I've also been getting back more heavily into crochet, which is another skill I learned early and hadn't used for some years. And I think it's probably good in a mind-stretching sense to get out the old skills, dust them off, polish them up, and maybe add new skills onto them.
And I also was thinking about how knitters and quilters and crocheters and embroiderers (and I'm sure other makers-of-things but those are the ones I'm most familiar with) spend a lot of time decoding symbology, interpreting things. With quilting you often find yourself peering at a cryptic arrangement of shapes and figuring out how those shapes on the page (particularly if you're working with a different arrangement of colors) correspond to the actual fabric shapes you have in hand. And in knitting, there's all the charts - lace and fair isle and cabling. And crochet also has "symbolcraft," which I had never worked with before but am slowly beginning to understand.

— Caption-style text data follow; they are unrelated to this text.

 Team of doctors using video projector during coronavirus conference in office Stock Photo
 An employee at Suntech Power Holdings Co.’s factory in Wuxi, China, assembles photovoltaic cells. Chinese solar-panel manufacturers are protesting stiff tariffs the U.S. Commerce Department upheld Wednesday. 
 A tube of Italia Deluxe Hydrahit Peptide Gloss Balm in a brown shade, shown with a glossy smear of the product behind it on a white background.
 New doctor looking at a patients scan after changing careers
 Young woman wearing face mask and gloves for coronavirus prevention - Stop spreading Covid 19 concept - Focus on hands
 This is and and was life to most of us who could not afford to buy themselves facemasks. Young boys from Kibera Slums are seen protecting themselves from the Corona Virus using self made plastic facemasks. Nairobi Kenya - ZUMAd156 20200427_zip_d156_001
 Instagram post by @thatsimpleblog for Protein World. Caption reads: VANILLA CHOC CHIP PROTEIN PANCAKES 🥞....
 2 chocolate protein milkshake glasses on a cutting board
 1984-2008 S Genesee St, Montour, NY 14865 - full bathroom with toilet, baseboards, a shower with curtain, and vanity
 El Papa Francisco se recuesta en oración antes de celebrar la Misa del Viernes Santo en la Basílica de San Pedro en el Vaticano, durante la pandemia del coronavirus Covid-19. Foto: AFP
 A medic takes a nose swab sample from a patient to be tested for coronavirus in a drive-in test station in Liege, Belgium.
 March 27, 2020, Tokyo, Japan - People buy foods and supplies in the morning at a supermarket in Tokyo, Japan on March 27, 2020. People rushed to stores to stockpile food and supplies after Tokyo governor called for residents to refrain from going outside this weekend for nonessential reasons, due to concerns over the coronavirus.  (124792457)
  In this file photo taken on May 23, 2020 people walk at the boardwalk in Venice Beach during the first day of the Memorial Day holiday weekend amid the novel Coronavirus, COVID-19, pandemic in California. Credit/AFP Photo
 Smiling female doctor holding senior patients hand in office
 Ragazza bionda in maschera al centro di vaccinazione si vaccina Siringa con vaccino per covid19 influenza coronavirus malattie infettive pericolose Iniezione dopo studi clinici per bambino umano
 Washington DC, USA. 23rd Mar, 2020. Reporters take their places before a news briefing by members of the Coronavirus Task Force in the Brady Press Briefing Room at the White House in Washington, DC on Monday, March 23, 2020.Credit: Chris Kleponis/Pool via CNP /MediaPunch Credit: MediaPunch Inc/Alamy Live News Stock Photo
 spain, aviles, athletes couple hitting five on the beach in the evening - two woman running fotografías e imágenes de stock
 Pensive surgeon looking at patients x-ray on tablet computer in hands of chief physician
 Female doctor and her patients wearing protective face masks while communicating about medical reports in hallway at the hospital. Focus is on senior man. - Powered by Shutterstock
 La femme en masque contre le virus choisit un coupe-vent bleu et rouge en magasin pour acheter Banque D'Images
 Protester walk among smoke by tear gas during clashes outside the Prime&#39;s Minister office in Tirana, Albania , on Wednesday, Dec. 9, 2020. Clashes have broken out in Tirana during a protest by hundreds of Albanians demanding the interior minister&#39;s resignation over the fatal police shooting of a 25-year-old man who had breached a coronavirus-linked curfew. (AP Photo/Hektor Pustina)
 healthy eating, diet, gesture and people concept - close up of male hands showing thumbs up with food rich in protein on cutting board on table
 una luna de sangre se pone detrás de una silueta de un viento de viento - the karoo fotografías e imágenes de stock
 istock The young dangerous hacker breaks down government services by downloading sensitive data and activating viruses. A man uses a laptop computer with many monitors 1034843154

And it's probably good for the brain to be making all those connections, to be working in different languages, so to speak.
And I also like the idea - especially with the crochet symbolcraft - that you don't need to understand the language a pattern is written in to make it (All the Japanese crochet books out there that people are making stuff from...). It's like the Universal Language of Craft. A crocheter's Esperanto. And that makes me happy, to think that all these people all around the world, could take the same pattern and interpret it and make something from it and it would make sense to them. Kind of like that old 1970s Coca-Cola ad with all the people on the mountaintop. ("I'd like to knit the world an Amigurumi"?)
(I would like there to be a fuller Universal Language of Craft, especially for knitting. Kind of like in the old days when all scientists were supposed to know at least some Latin, or when most botanists and ecologists knew German because lots of papers were published internationally in that language. Or how French used to be the international language of diplomacy. I suppose English has largely become the lingua franca in lots of the world, but, not everyone uses it (nor should they have to.) I know that there are "dictionaries of knitting" to translate, but there are still nations - especially those where a different alphabet or writing system is used - where it would be hard to interpret patterns from.)
Anyway. You know that ad for the new sleep aid that has the tagline "your dreams miss you"? Well, last week - as busy as I was - my fabric missed me. And my yarn missed me. And my books missed me. And my mental musings missed me - I was even too busy to really think. And I missed them, too. But thank God, this coming week looks easier, and I'm learning that I have to use a little enlightened self-interest and say "no" to things that I technically CAN to but that make my schedule so tight that I'm not a happy camper any more.
1 comment:
Sounds like you finally had the relaxing day you need, hurrah!